In October 1954, an agreement was signed on the withdrawal of British troops from Egypt, and in June 1956 the last British soldier left the Suez Canal zone. This extremely important zone in all respects was a real gold mine for the British, who controlled it. The canal company was a real "state within a state", not subject to local laws, although it was considered an Egyptian enterprise. On the contrary, the company dictated the laws to Egypt. Until 1952, the government, as a rule, was not approved by the court until the president of the company had his say. It gave a huge profit - in 1955, the shareholders received 33 million pounds, and Egypt accounted for only 5 million. In the years after the Second World War, 1/6 of the world's shipping, 1/4 of the % of French trade, most of US oil transportation.
When, in July 1956, dissatisfied with the growing nationalism of Egypt, American leaders announced that they were depriving Egypt of promised loans for the construction of the Aswan Dam, Nasser proclaimed the transfer of the Suez Canal company into the hands of the state. Such a step, which produced a real shock in the West, was characteristic of a proud and sensitive president. Far from always, in his actions, he was guided by a sober calculation, often relying on instant decisions dictated by anger or resentment. Sometimes they put Egypt before serious trials.

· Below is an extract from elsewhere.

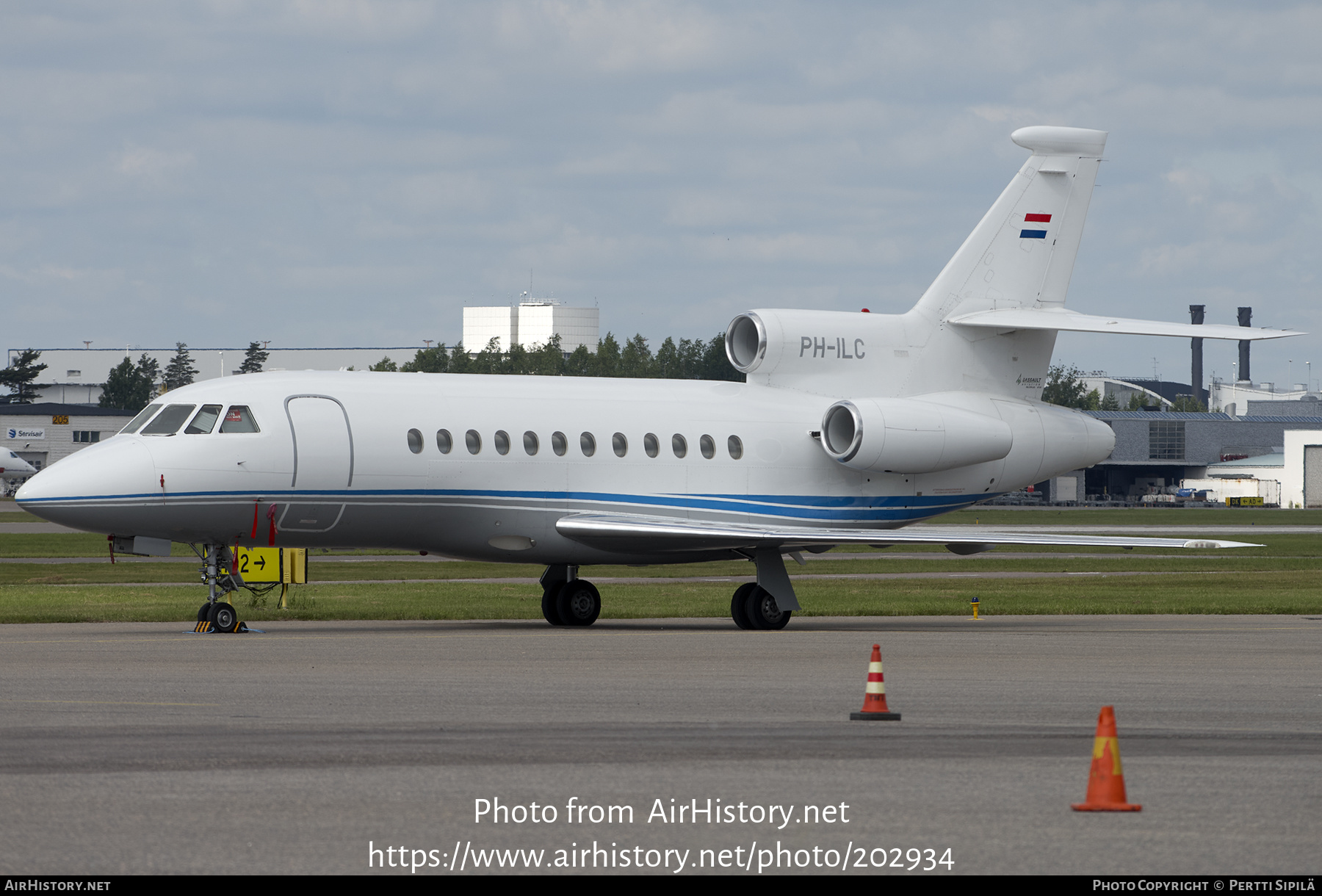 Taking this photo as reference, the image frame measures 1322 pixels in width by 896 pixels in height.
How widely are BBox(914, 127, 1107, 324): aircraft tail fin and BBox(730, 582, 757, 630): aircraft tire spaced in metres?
6.57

In October 1956, Israel attacked Egypt, and soon it was essentially supported by Britain and France. The "Suez Crisis", as it came to be called, was resolved only after the intervention of the USSR and
The United States, which understood the danger of military operations in this region. Nevertheless, Nasser brought the matter to an end. Moreover, the government announced the forced "Egyptization" of British and French banks, insurance companies, commercial and industrial firms, etc. This was already a real challenge to the West from Arab nationalism. Nasser believed that such steps would bring popular popularity to the new government. In the eyes of the Egyptians, he and his associates became national heroes, people capable of standing up for the dignity of their native country.